The story takes place in a Victorian era Gotham city sometime in the 19th century, which is strongly styled after London during the Victorian times. The story revolves around a killer, Jack the Ripper, who is terrorizing Gotham city and how the Batman is trying to apprehend him.
Various familiar characters make an appearance such as Poison Ivy, James Gordon and Hugo Strange, but they all take on different roles than the ones we know them for. For example, young Tim Drake, Dick Grayson and Jason Todd are in a street gang known as the Robins.
The movie is beautifully animated as with most DC animated movies and the voice acting is outstanding, Bruce Wayne\Batman is voiced by Bruce Greenwood, who does an exceptional job, however I do always find it slightly jarring when Batman is voiced by anyone other than Kevin Conroy.
This movie is immensely engaging and does a great job of bringing the graphic novel to life. It does have a major plot twist, that I will not spoil, that adds a real sense of surprise to how the story ends.
It is a great movie for Batman and DC Animated Universe fans and is a really enjoyable watching experience.
Batman Hush is a mainline Batman story arc that was originally published in the Batman Comic between 2002 to 2003, which has subsequently been published in this graphic novel. Hush is a great self-contained story which can easily be picked up by anyone looking for a starting point in the almost endless selection of Batman comics.
Batman Hush is one of the best usages of the Batman Villains’ gallery, featuring a large cast including, the Riddler, Killer Croc, Poison Ivy, Scarecrow and the Joker to name a few. The graphic novel tells a great story written by Jeph Loeb, full of twists and a few surprises along the way, it really is one of the classic must read story in the Batman comic series.

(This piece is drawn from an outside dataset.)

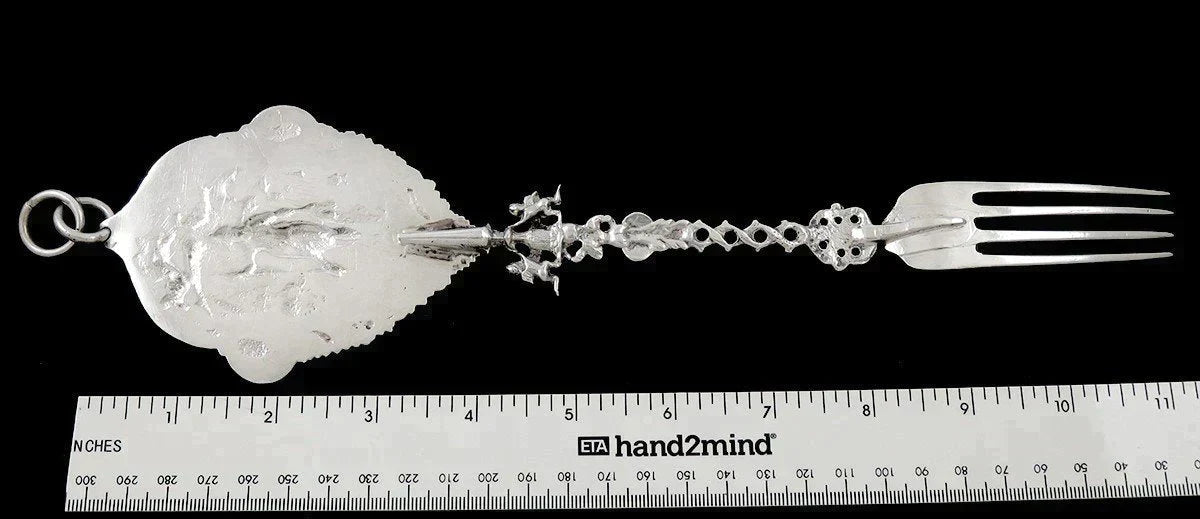 Antique 1852 Dutch Colonial Silver Flag Crest Huge Serving Fork 11 1/4"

The story is beautifully bought to life by the artwork, which is some of my favorite in the long running Batman comic series. The art is the combined work of Jim Lee, Scott Williams, and Alex Sinclair, being responsible for pencil, ink and color respectively.
I can really recommend this graphic novel if you want to get started in the Batman comic series as it is a great jumping-off point and if you are already reading the series and have not read Hush, then you are really missing out.
Needless to say, this graphic novel is based on the game Little Nightmares and contains the first 2 comic books in the series. The series was initially announced to consist of 4 comic books, however at the time of this post book 3 and 4 unfortunately appear to have been cancelled.
Anyone who has played Little Nightmares will know that the world of the game is a dark and mysterious place, with a lot of unanswered questions. This graphic novel builds on this world and provides some additional bits of information about the greater world that was not directly shown in the game.
I really like the ascetics and feel of Little Nightmares and part of its appeal is this sense of unknown, and the graphic novel does not spoil this, providing just enough information to get the reader more curious. For example, the comic books explain how the kids end up on The Maw, the fictional ship on which the game and its DLC takes place, but gives no additional details about the mysteries surrounding the Maw itself.
The graphic novel is beautifully illustrated with amazing artwork, in line with the graphic style of the game.
It is however important to mention that this graphic novel will not make sense to someone who has not played the game. It is very much a companion piece to the game and builds on the world that was established therein. But if you played Little Nightmares and loved the world it built then this will be a great read.